Name and Synonyms

Macnab criteria, MacNab's outcome assessment of patient satisfaction.

Source Article

Macnab I. “negative disc exploration: an analysis of the cause of nerve root involvement in sixty-eight patients.” J Bone Joint Surg (Am) 1971 ;53:891-903

Structure / Content

The patient is asked to rate his level of well-being, generally after surgery. The patient choose one of the four: Excellent, Good, Fair, Poor. With the the same wording with the original (source) paper, the explanations of each grade are as follows:

  • Excellent: No pain; no restriction of activity.
  • Good: Occasional back or leg pain of sufficient severity to interfere with the patient’s ability to do his normal work or his capacity to enjoy himself in his leisure hours.
  • Fair: Improved functional capacity, but handicapped by intermittent pain of sufficient severity to curtail or modify work or leisure activities.
  • Poor: No improvement or insufficient improvement to enable increase in activities; further operative intervention required.


There is Modified Macnab Criteria. It is quite difficult to identify who and when modified the instrument. It seems everyone changed the wording for better and more detailed explanation of categories, which are same with the original one (Excellent, Good, Fair, Poor). A common version of this modified scale is below:
  • Excellent: No pain, No restriction of mobility, Return to normal work and level of activity
  • Good: Occasional nonradicular pain, Relief of presenting symptoms, Able to return to modified work
  • Fair: Some improved functional capacity, Still handicapped and/or unemployed
  • Poor: Continued objective symptoms of root involvement, Additional operative intervention needed at index level irrespective of length of postoperative follow-up

Cost and Frequency of Use

It is free. Usage is common due to simplicity.

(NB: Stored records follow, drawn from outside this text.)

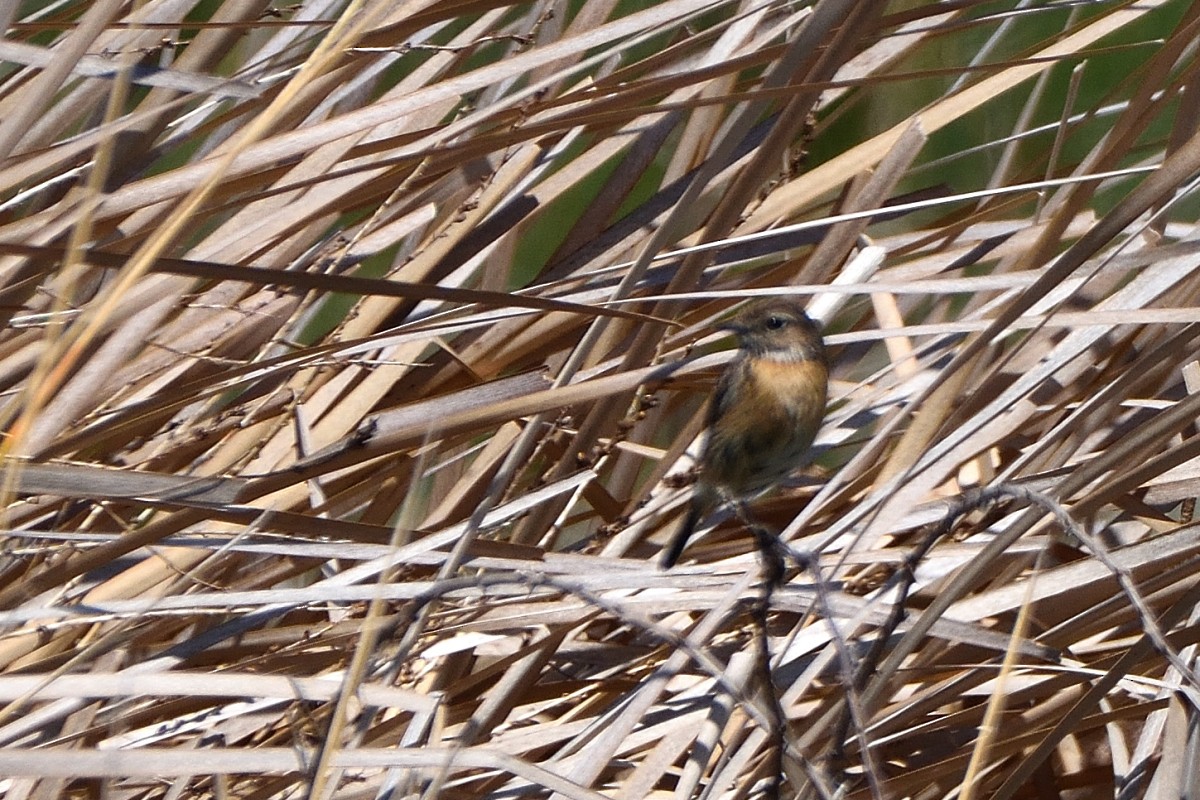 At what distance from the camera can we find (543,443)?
6.46ft

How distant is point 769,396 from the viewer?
2242 millimetres

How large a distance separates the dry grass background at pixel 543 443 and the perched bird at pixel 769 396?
0.06m

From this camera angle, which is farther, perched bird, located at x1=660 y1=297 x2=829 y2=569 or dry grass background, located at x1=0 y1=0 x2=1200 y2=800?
perched bird, located at x1=660 y1=297 x2=829 y2=569

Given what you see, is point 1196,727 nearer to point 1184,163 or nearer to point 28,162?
point 1184,163

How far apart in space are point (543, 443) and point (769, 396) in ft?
1.52

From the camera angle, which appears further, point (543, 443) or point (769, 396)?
point (769, 396)

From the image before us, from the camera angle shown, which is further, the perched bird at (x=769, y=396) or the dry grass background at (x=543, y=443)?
the perched bird at (x=769, y=396)

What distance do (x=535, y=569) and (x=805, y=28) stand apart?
72 centimetres

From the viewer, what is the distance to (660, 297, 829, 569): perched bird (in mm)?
2184

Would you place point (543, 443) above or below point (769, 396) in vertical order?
below

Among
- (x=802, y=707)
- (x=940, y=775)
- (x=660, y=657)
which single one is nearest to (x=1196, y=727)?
(x=940, y=775)

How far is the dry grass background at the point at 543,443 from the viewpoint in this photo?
141 cm

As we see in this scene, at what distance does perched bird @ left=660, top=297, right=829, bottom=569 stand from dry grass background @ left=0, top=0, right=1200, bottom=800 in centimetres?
6

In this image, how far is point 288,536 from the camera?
167cm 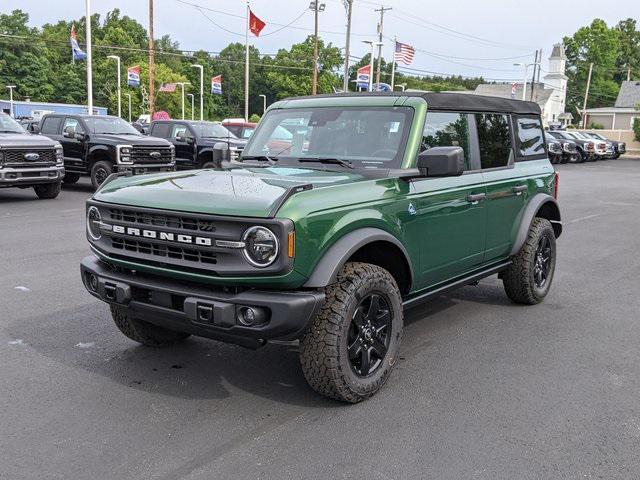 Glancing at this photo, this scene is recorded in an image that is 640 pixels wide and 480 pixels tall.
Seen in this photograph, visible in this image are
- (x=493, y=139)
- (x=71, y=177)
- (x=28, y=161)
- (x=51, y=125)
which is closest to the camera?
(x=493, y=139)

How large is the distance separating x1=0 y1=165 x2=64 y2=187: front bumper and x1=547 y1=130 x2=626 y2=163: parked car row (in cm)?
2660

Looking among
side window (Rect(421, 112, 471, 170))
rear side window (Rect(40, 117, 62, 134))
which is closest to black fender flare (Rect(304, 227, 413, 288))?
side window (Rect(421, 112, 471, 170))

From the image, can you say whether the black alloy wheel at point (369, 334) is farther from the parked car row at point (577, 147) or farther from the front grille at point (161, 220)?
the parked car row at point (577, 147)

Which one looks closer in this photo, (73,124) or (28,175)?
(28,175)

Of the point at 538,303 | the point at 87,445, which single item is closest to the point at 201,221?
the point at 87,445

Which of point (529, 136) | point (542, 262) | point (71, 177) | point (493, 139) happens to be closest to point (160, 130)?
A: point (71, 177)

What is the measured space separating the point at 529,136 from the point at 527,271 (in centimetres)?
134

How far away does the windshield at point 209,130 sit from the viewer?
60.0 feet

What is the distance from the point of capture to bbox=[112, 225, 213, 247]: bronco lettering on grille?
11.5 ft

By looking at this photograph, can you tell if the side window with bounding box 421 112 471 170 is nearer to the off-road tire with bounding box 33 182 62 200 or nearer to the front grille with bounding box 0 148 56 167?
the front grille with bounding box 0 148 56 167

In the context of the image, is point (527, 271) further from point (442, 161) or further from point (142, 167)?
point (142, 167)

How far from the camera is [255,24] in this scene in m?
36.8

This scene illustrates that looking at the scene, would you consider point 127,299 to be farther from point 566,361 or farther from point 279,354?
point 566,361

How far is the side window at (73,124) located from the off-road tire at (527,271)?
13097 millimetres
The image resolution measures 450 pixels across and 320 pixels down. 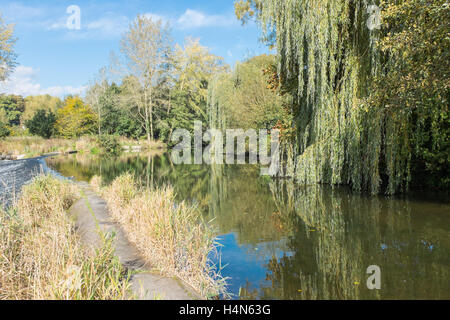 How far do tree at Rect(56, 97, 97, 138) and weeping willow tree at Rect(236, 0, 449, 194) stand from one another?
2937cm

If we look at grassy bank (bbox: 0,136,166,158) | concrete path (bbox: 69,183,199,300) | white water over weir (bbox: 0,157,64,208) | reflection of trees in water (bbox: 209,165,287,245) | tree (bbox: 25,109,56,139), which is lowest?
reflection of trees in water (bbox: 209,165,287,245)

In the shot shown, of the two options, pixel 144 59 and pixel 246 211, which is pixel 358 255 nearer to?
pixel 246 211

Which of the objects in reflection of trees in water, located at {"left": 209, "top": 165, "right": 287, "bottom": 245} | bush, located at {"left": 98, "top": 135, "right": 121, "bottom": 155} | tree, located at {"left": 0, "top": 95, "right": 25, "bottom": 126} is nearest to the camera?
reflection of trees in water, located at {"left": 209, "top": 165, "right": 287, "bottom": 245}

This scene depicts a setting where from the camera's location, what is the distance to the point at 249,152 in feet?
89.9

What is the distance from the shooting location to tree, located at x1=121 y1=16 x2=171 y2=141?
33562 mm

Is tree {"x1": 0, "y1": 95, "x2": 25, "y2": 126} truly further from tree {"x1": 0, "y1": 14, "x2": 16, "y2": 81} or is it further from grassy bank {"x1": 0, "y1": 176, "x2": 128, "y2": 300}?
grassy bank {"x1": 0, "y1": 176, "x2": 128, "y2": 300}

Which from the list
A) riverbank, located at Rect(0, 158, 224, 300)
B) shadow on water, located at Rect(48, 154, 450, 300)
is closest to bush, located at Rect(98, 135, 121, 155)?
shadow on water, located at Rect(48, 154, 450, 300)

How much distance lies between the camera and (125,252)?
519 centimetres

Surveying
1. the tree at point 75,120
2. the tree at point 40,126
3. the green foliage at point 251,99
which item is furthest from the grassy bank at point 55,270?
the tree at point 75,120

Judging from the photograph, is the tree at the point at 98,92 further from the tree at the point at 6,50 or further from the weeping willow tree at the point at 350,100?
the weeping willow tree at the point at 350,100

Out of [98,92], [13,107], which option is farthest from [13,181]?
[13,107]

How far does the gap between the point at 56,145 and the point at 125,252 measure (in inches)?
1234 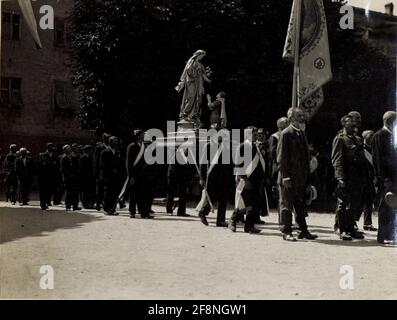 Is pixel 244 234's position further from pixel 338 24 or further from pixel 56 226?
pixel 338 24

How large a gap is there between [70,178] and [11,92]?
17515mm

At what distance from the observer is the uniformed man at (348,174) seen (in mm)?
10141

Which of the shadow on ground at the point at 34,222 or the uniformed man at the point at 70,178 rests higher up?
the uniformed man at the point at 70,178

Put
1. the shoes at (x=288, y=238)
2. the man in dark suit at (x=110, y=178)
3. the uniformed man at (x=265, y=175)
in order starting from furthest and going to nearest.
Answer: the man in dark suit at (x=110, y=178)
the uniformed man at (x=265, y=175)
the shoes at (x=288, y=238)

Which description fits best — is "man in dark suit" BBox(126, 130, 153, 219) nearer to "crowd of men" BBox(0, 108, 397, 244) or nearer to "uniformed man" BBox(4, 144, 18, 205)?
"crowd of men" BBox(0, 108, 397, 244)

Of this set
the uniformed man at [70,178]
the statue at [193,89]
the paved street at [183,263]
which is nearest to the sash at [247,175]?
the paved street at [183,263]

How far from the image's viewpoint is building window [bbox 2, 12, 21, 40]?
104ft

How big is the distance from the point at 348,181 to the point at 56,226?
579cm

Scientific Spine's Comment

Macnab criteria reflects well a surgeon's impression about the surgery's overall success in terms of patient's satisfaction, and how that particular patient should be categorized. Its roughness (only 4 class, and no detailed metrics of symptomatology) necessiates its use should be accompanied and backed by other scales such as pain scales and ODI, etc. It is still useful. However, its use as a sole outcome instrument is not acceptable in today's standards.